I’d had enough of Jeremy’s evasive maneuvers.

“Look,” I said. “You’ve been watching my house, and you’ve obviously been following me. I appreciate you helping me out with my, um … situation at the Dealer’s, but I could have handled it myself.”

“No, you couldn’t have,” Jeremy said with such certainty that it made me blink.

“What?”

“He would have hurt you. He would have beaten you, broken your jaw, and dislocated your shoulder. Then, when you were unconscious, his bodyguard would have dumped you in an alley, and … the Displaced would have done the rest.”
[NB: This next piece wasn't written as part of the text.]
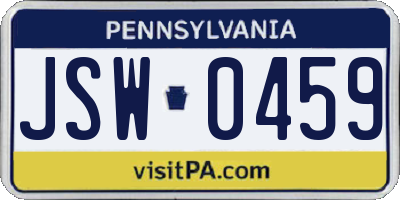 PA license plate JSW0459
I stared at him, stunned. “You don’t know that.”

“I do.”

I shook my head to clear it. Why did he seem so certain? Maybe something
like
that would have happened if Jeremy hadn’t shown up, but he’d been so specific.

“Fine,” I said. “Whatever. You saved me. You’re a hero.” I narrowed my eyes at him. “What did you do to the bodyguard? And don’t tell me ‘nothing,’ because I know you did something. Is it like what happened in Mr. Kale’s classroom?”

He put on a blank stare, and I sighed.

“You’re going to make me say it then, huh? Okay, here goes. After English, you know, when we were talking, and I … um … I touched your hand—which I didn’t mean to do, by the way—I passed out and had this weird dream, and when I woke up you were gone. Is that what you did to the guard? You …” I felt ridiculous even thinking it. “You forced him into some kind of dream state?”

He put a hand on the back of his neck, kneading. “They’re not dreams,” he muttered.

“Then what are they?”

“You won’t believe me if I tell you. You’re not ready to hear it yet.”

“How do you know what I’m ready for? You only met me a few hours ago.”